Though it’s much more laid-back—the minimal and quite basic interior design adds to that vibe—than its sister spot, there’s nothing casual about the service at Enoteca. The dark-haired waiters and food runners (pretty much all possessing slicked-back hair and crisp white shirts, looking like extras from Goodfellas) are doting. A plate, even an empty one, never gets removed from the table without permission, wine glasses are always full and, if you leave the table, napkins are refolded.

And you can bet, almost all the plates are empty, scraped clean with the soft golden focaccia served in the house bread basket. The pizzas, which incorporate a Milanese-style focaccia crust, have crackling edges and a range of creative toppings. On the evening I dined at Enoteca, my favorite was the Capesante drizzled with lobster bisque, wispy slivers of tender scallop, zucchini and pieces of smoky bacon. (Sounds strange, tastes great.) But be warned: This particular ingredient combo may or may not be available since Riccardo’s serves a menu of daily specials that’s almost as large as the regular one, and a good bit of it turns over weekly. Other daily specials might include grilled asparagus with fontina fondue and a fried egg. (Want a preview? The specials menu is available on Enoteca’s website and is updated daily.)

But don’t let all these specials recommendations worry you: The regular menu holds its own, too. Grilled octopus with garlicky pesto nestled in a mound of crushed potatoes, aka the Octopus Genovese, is soothing comfort food. Scrims of smoked pink tuna, topped with a salad of peppery arugula, orange and fennel bursting with citrus and licorice, make a nice palate-cleansing intermezzo. Pizzas always on the menu include Fugazetta with braised onions, sausage, mozzarella and provolone, or the Bianca, with smoked salmon, stracchino, capers and onions.

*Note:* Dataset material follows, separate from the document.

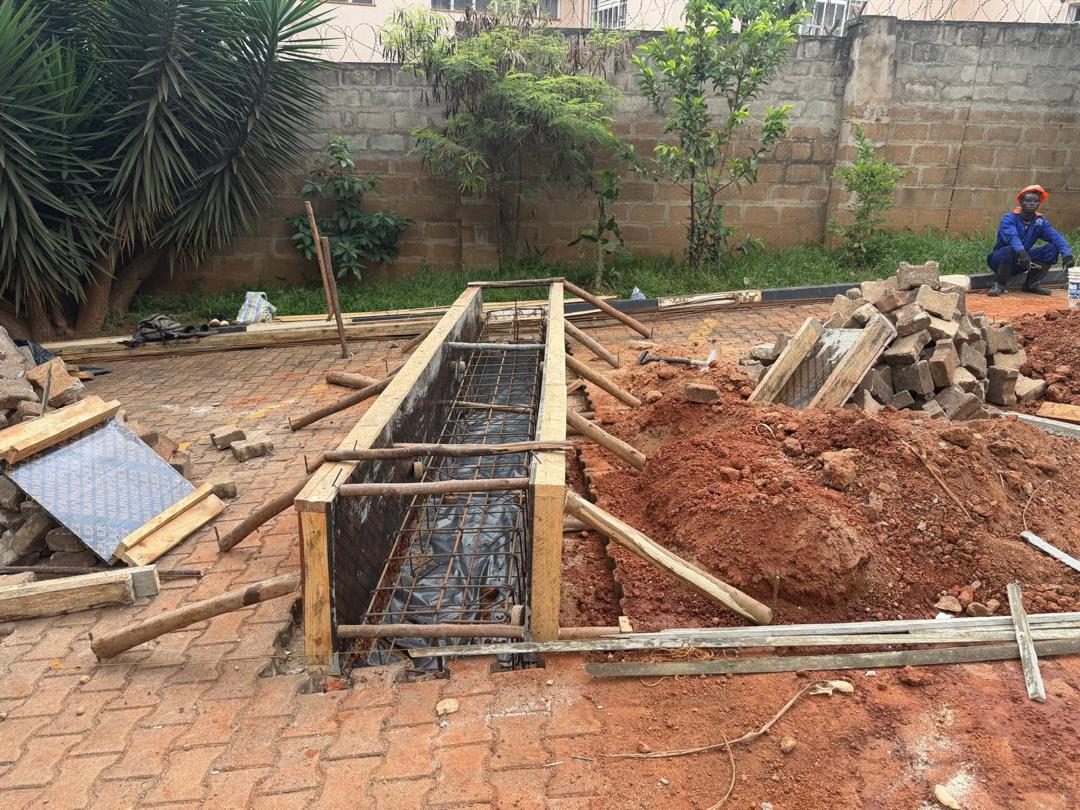 Formwork complete: reinforced, lined and braced, ready for concrete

Enoteca’s lasagna Bolognese from the Forno a Legna (“wood-burning oven”) section offers tender bits of browned beef coated with a light touch of tomato ragout sandwiched between al dente pasta coated with nutty béchamel. This dish is a reminder that real lasagna is not a pasta brick sogged with cloying Prego and glops of ricotta.

Heavy food however is welcome during dessert, especially with Enoteca’s paciugo (Italian for messy concoction), a sundae of silky vanilla gelato, handwhipped cream, bursting berries and amarone-soaked cherries. It’s simple, perfect and rewarding, which is to say, much like Enoteca itself.

Riccardo Enoteca
2116 N. Clark St.,
773. 549.5010

This article first appeared in CS in a different form.